Von Cathrin Kahlweit, Wien

In den von Russland besetzten Gebieten der Ukraine endete am Dienstag die Abstimmungsfrist für die Scheinreferenden, die der russische Präsident Wladimir Putin vor gerade mal einer Woche angekündigt hatte. Die Bevölkerung in jenen Teilen der Regionen Luhansk, Donezk, Cherson und Saporischschja, die unter Kontrolle der russischen Armee stehen, war nach Augenzeugen- und Medienberichten teils unter Anwendung von Gewalt gezwungen gewesen, für den Beitritt zur Russischen Föderation zu stimmen. Die Scheinreferenden, die jeglicher völkerrechtlicher Legitimation entbehren, werden weder von der Ukraine noch von der internationalen Gemeinschaft anerkannt. Laut ersten Teilergebnissen, die von der russischen Agentur RIA veröffentlicht wurden, haben 96 Prozent mit Ja gestimmt.

Für Freitag soll eine Rede Putins vor beiden Kammern des russischen Parlaments angesetzt sein, der Kreml hat das allerdings noch nicht bestätigt. Westliche Geheimdienste wie auch die ukrainische Führung gehen in jedem Fall davon aus, dass der Präsident baldmöglichst Fakten schaffen und dem Föderationsrat die Anerkennung der Pseudoreferenden vorschlagen werde. Dann dürfte der Anschluss der besetzten Gebiete an Russland förmlich verkündet werden. Laut der russischen Zeitung Wedomosti soll ein neuer "Krim-Bezirk" künftig die Gebiete Cherson, Saporischschja, Donezk, Luhansk und die Halbinsel Krim umfassen.

Der ukrainische Präsident Wolodimir Selenskij adressierte in einer Video-Ansprache vor dem UN-Sicherheitsrat die Referenden - und Wladimir Putin. "Annexion ist die Art von Handlung, die ihn allein gegen die gesamte Menschheit stellt", sagte Selenskij. "Ein klares Signal wird jetzt von jedem Land der Welt benötigt." Solch illegale Annektierungen seien Verbrechen gegen alle Staaten.

Schon die Fragestellung auf den Stimmzetteln hatte keine Alternativen zugelassen: "Sind Sie für den Beitritt der DNR zur Russischen Föderation mit dem Status eines Föderationssubjekts?", hatte sie etwa in der sogenannten Volksrepublik Donezk geheißen. Vertreter der Besatzungsbehörden, begleitet von schwer bewaffneten Soldaten, waren von Haus zu Haus gegangen und hatten Anwohner zur Stimmabgabe gedrängt; diese fand in der Regel in aller Öffentlichkeit statt. Viele Bewohner hatten sich in den vergangenen Tagen versteckt oder ihre Türen verrammelt, um nicht zur Teilnahme an den Scheinreferenden gezwungen zu werden.

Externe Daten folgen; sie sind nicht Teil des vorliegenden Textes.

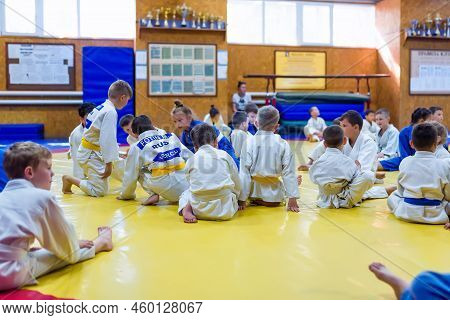 Judo - Wrestling, Tatami For Wrestling, Children Of Sports, Legs On A Bright Colored Tatami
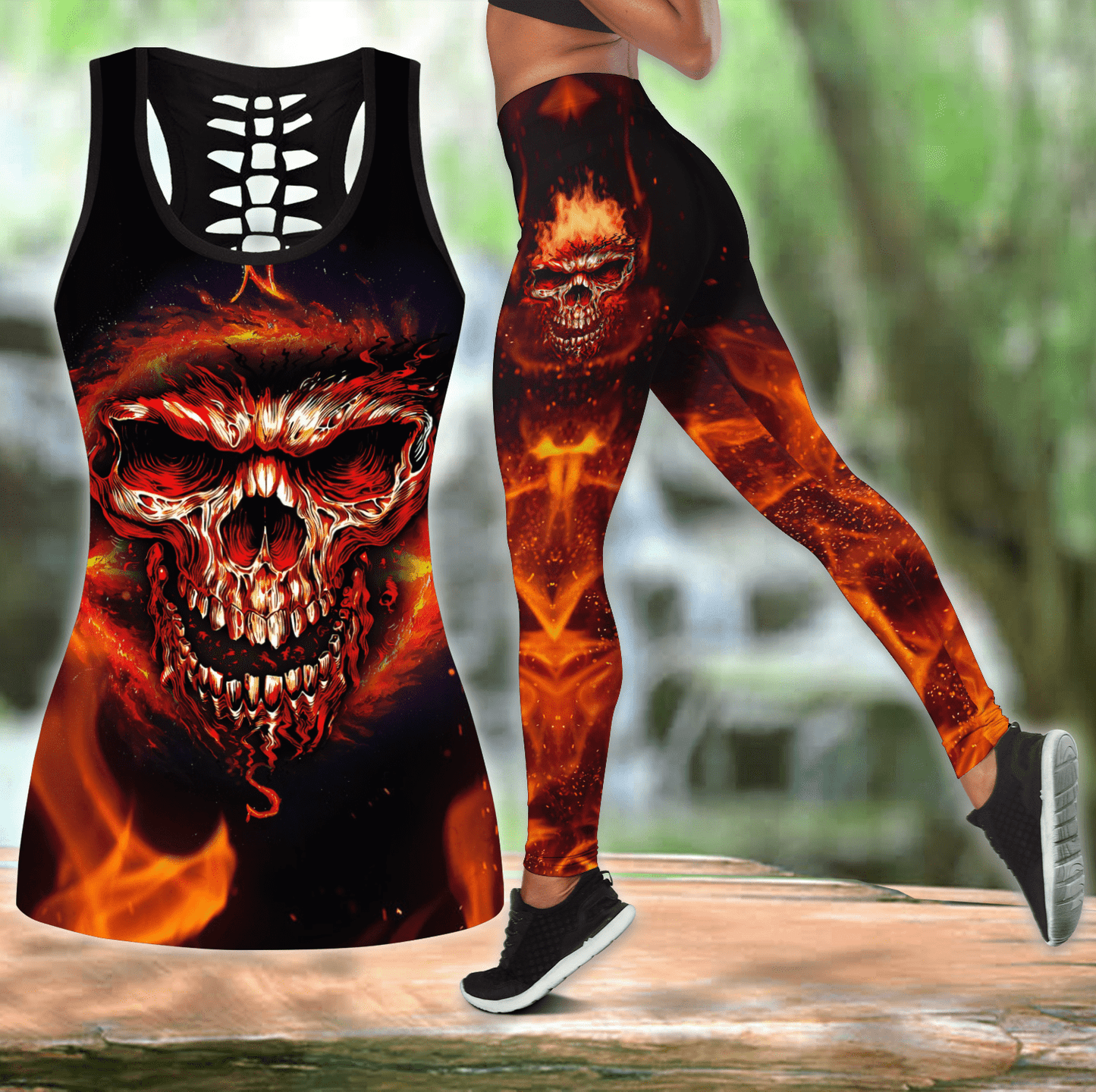Skull Combo Hollow Tank Top And Legging Outfit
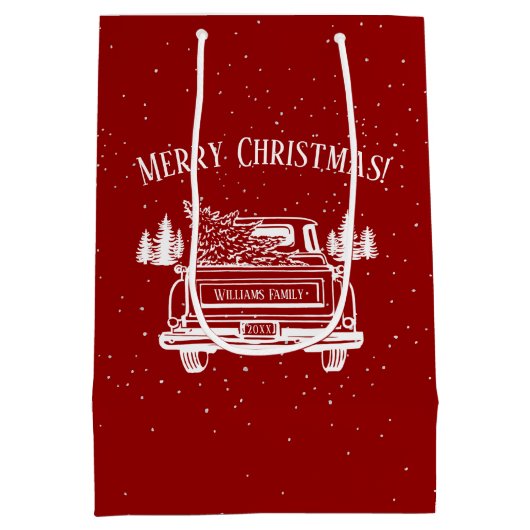 ヴィンテージ赤い白いトラックのメリークリスマス ミディアムペーパーバッグ (裏面)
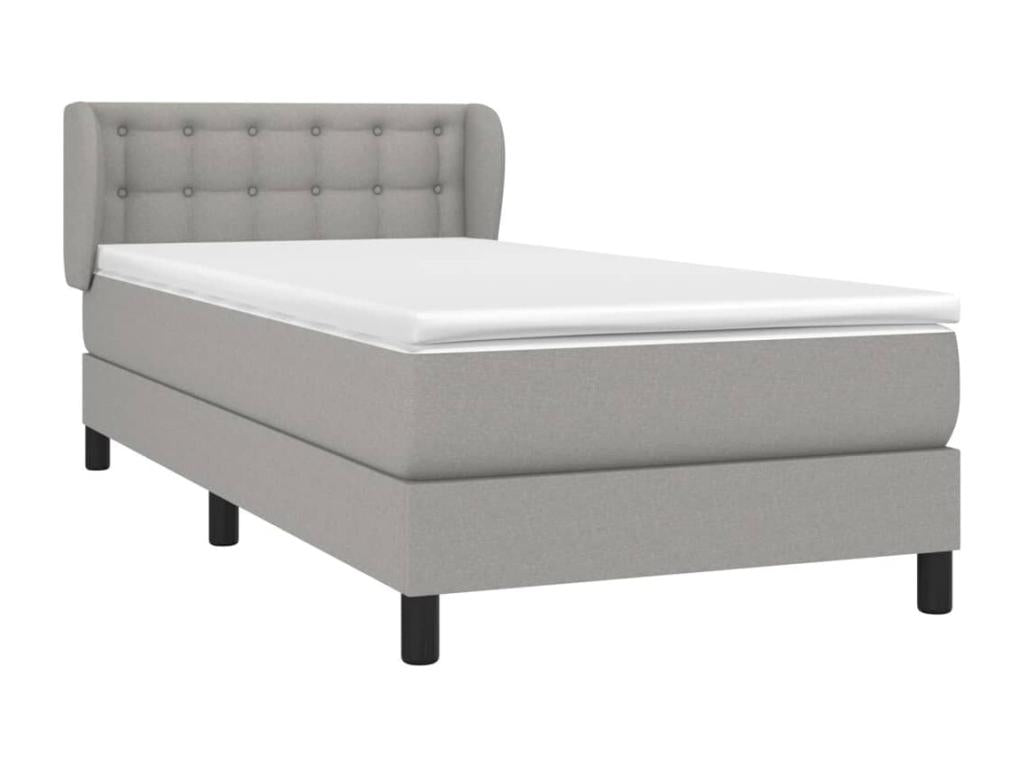 Lit à sommier tapissier et matelas Gris clair 90x190 cm Tissu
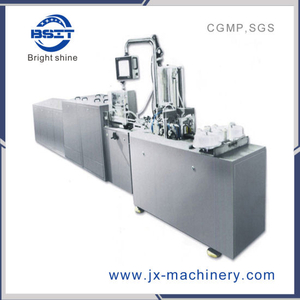 La máquina de sellado de llenado de líquido de supositorio automático de control PLC de línea recta cumple con GMP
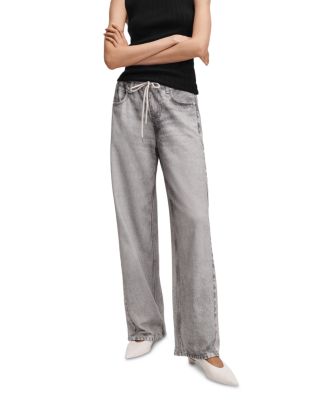 Miramar High Rise Wide Leg Drawstring Terry Sweatpant Jeans in Icy Grey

In der gleich zu Kriegsbeginn von der russischen Armee besetzten und gänzlich zerstörten Stadt Mariupol würden hungernde und durstende Bewohner mit einer Flasche Wasser belohnt, wenn sie mit Ja stimmten, berichtet die Zeitung Kyiv Independent. Aus der Region Cherson kommen Berichte, dass Wähler, die für die Angliederung an Russland votierten, Geld im Wert von mehr als 500 Euro dafür bekämen. Aus Luhansk meldet der Gouverneur Serhij Hajdaj, die Besatzer schrieben jeden namentlich auf, der mit Nein stimme. Gleichwohl gibt es vereinzelt Zeichen des zivilen Widerstands.

In der Gebietshauptstadt wird nicht abgestimmt

Um die Wahlbeteiligung zu erhöhen, waren auch Minderjährige, aber auch nach Russland geflüchtete oder deportierte Ukrainer zur Wahl zugelassen gewesen. Laut dem britischen Geheimdienst hatten russische Regierungsvertreter Vorgaben für die erfundene Wahlbeteiligung und Zustimmungsrate in den Scheinreferenden gemacht, demnach müssen "mehr als 75 Prozent" Ja-Stimmen herauskommen.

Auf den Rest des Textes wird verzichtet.